Hmm My local radio club has been through at least two sets of them. Not only were the 'phazers destroyed, many 100's of dollars of gear fused despite the devices.

Not the story but here is the local radio club SEMARA:

http://semara.org/

The towers are seen in the background.

The back story: The site was once a dump/swamp and there is a defined layer of rusted cans that covers about an acre. The club negotiated in 2000 and is leasing to a cell tower provider the space for the tower. The lease is cell provider dependent and is the source of revenue to operate the club... Thus, membership is free.

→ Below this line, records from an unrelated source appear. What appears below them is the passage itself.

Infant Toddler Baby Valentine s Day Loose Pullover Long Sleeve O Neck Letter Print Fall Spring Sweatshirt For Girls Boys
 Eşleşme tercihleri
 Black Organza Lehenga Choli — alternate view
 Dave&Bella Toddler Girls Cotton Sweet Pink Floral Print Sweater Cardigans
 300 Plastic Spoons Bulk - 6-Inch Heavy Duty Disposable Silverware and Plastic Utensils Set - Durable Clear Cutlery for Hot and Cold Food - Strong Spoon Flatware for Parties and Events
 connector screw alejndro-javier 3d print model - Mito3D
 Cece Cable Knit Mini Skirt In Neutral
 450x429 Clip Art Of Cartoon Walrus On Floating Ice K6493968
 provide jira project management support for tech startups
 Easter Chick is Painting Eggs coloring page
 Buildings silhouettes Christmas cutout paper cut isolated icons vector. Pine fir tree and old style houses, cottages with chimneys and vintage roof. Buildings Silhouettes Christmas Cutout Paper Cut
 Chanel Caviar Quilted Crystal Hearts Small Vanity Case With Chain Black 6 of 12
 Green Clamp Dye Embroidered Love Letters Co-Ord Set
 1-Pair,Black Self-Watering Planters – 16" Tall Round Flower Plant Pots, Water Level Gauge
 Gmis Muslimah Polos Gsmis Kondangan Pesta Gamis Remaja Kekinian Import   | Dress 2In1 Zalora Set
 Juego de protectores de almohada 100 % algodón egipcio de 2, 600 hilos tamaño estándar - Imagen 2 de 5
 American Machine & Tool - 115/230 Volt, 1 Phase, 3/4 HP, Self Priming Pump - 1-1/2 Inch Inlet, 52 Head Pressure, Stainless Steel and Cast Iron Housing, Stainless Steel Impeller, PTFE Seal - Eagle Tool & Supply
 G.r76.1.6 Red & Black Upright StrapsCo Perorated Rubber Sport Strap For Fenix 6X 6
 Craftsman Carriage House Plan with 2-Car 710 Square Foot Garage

The club has exclusive right to the three top ends of the cell tower for the repeaters. Both the cell tower and the clubs HF tower all communicate via large coax as well as cat-5 in buried steel conduits to/from the buildings. Both tower installations were professionally done so there is a more than ample footing and grounding.

Yep the towers get hit...

Would there be more damage if the Polyphasers were not installed?

It is believed that the extensive damage is not from the hit itself but from a pulse that extends out and induces high voltage in metal objects, both above and below ground.

There are archives that go back many years stored on the web site:

http://semara.org/zerobeat/

FWIR there is info about lightning damage.

Many editions of Zerobeat have been lost to time, no club member can find one to scan.